#### Your objective:
Please restate the data that follows word for word, with the pictures left out.

#### Information shown:
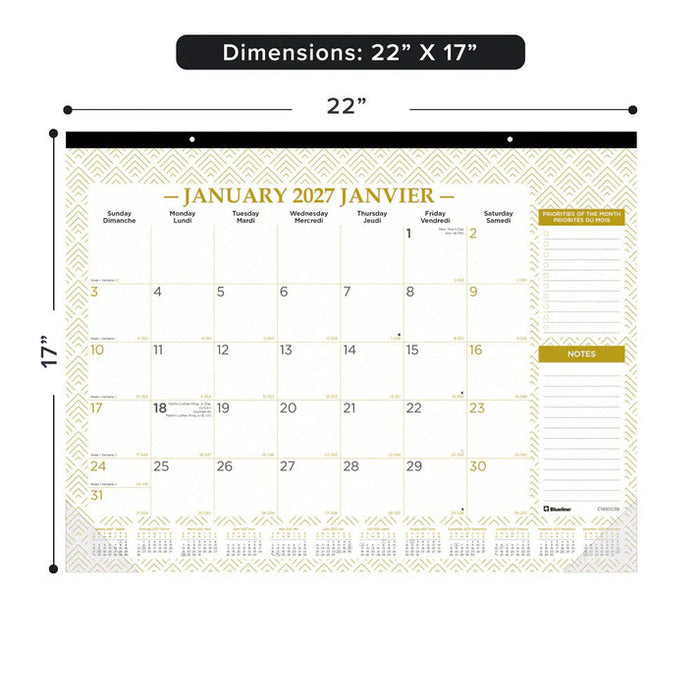 Calendar Pad-Desk Monthly 22X17  Gold  Bilingual 2027 (C199003B-27)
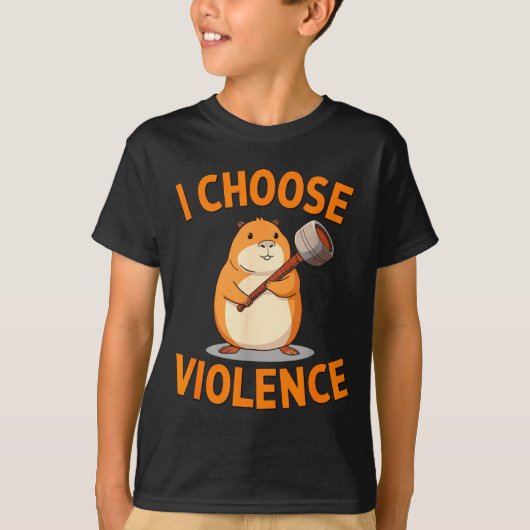 I Choose Violence Funny Hamster Graphic Tシャツ (正面)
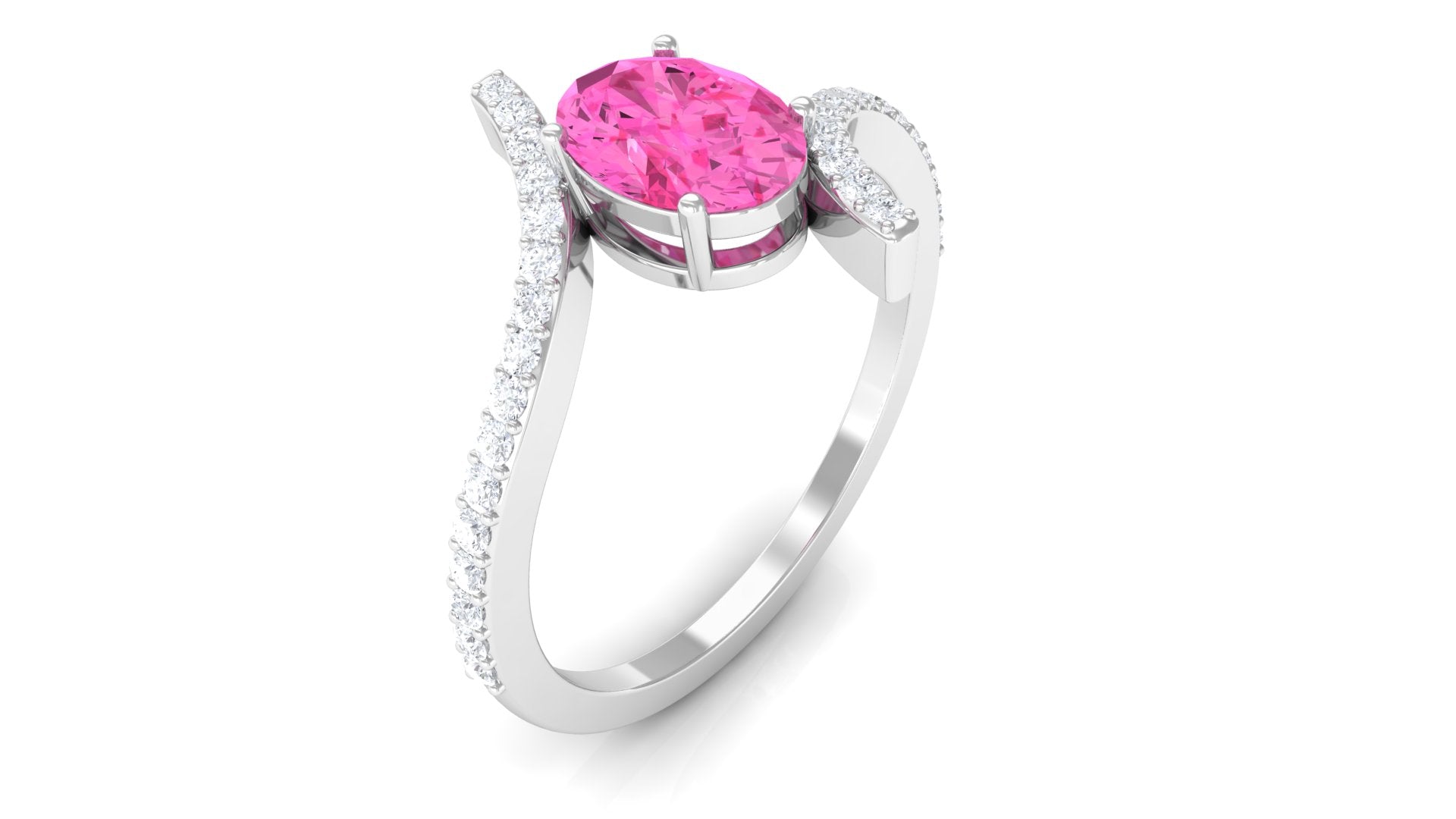 1.50 CT Oval Pink Sapphire Solitaire Bypass Ring with Diamond Pink Sapphire - ( AAA ) - Quality - Rosec Jewels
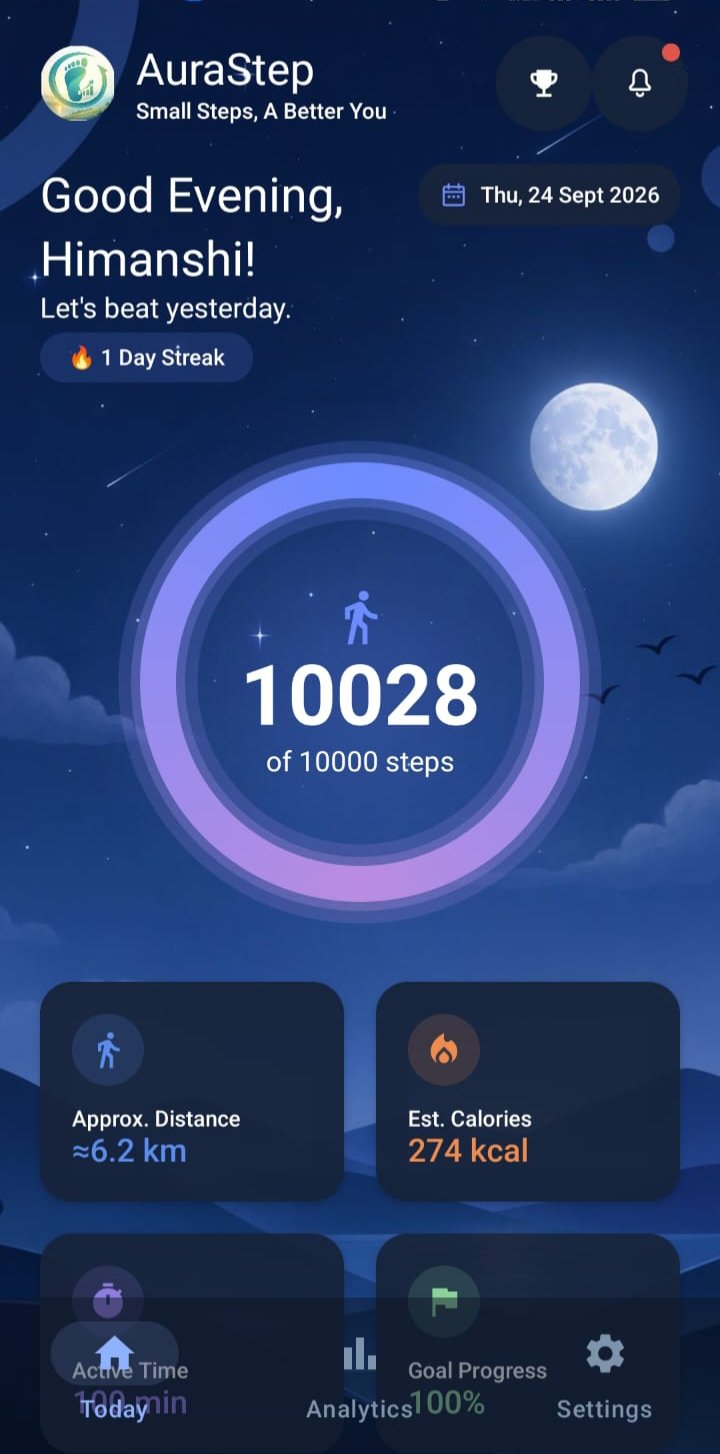 AuraStep today screen, dark theme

#### Reply:
 Calendar Pad-Desk Monthly 22X17  Gold  Bilingual 2027 (C199003B-27)
 I Choose Violence Funny Hamster Graphic Tシャツ (正面)
 1.50 CT Oval Pink Sapphire Solitaire Bypass Ring with Diamond Pink Sapphire - ( AAA ) - Quality - Rosec Jewels
 AuraStep today screen, dark theme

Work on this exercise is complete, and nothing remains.